An exact transcription is needed of the lines below from the one with "Seamless Pattern with Flashes Wall Decal" through the one with "Boy Astronaut Cotton", with no other lines and no pictures.

ENTRIES SUPPLIED
....

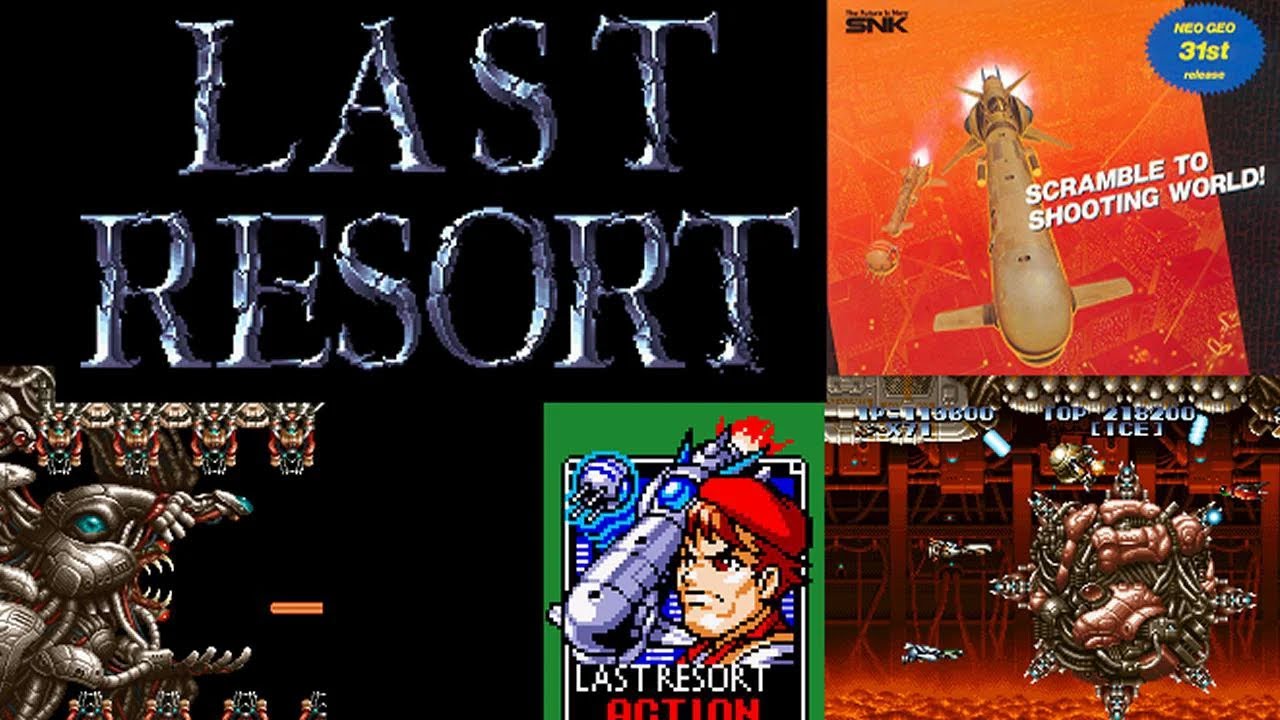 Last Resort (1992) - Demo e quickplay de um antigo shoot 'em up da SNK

....

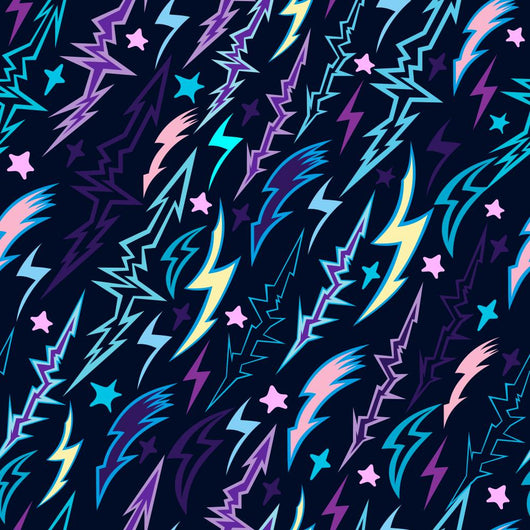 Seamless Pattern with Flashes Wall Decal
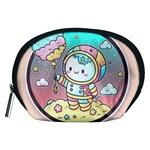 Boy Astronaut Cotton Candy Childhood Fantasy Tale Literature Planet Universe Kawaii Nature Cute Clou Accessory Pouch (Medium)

....

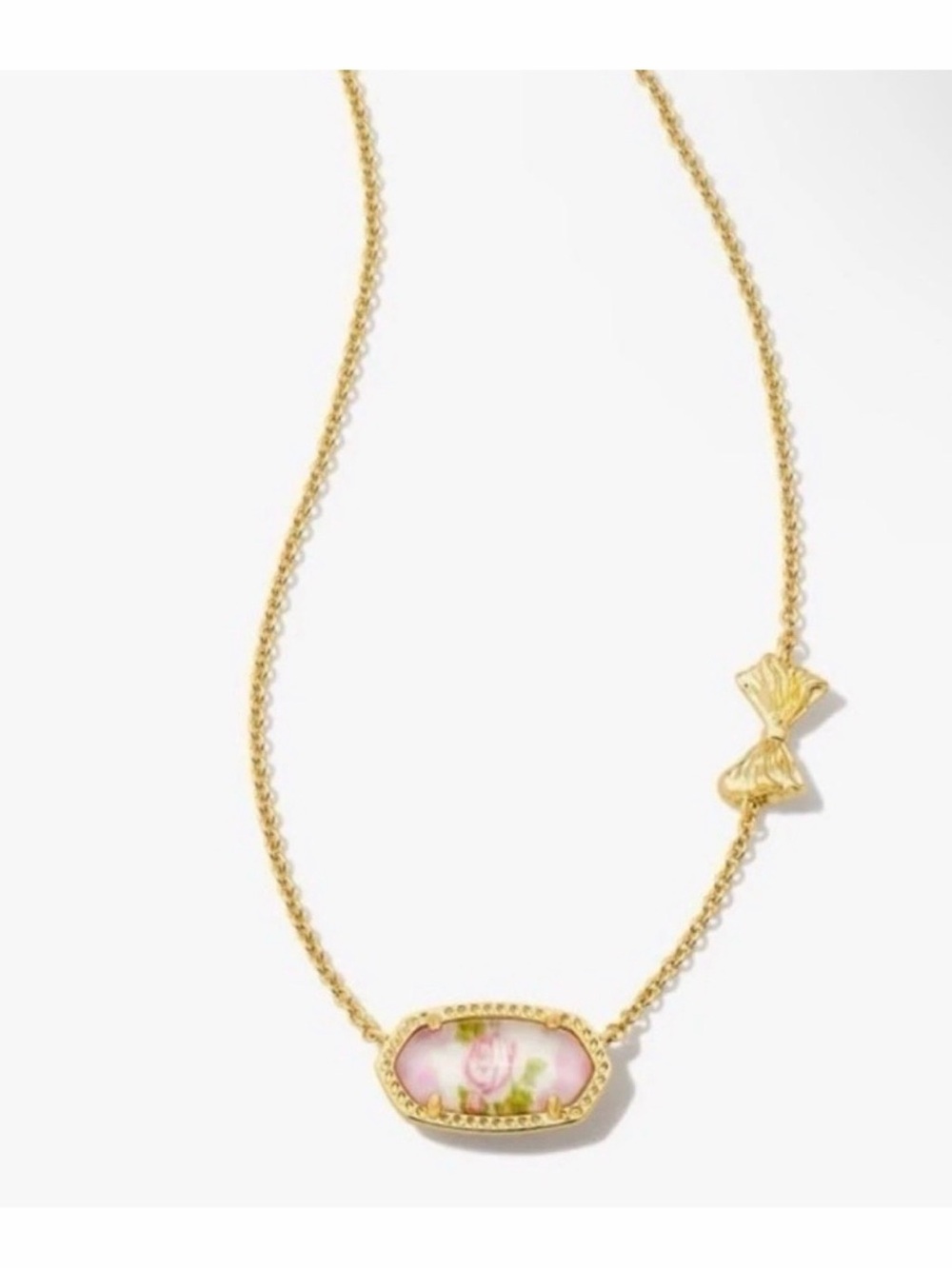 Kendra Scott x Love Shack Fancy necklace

....

RESPONSE
 Seamless Pattern with Flashes Wall Decal
 Boy Astronaut Cotton Candy Childhood Fantasy Tale Literature Planet Universe Kawaii Nature Cute Clou Accessory Pouch (Medium)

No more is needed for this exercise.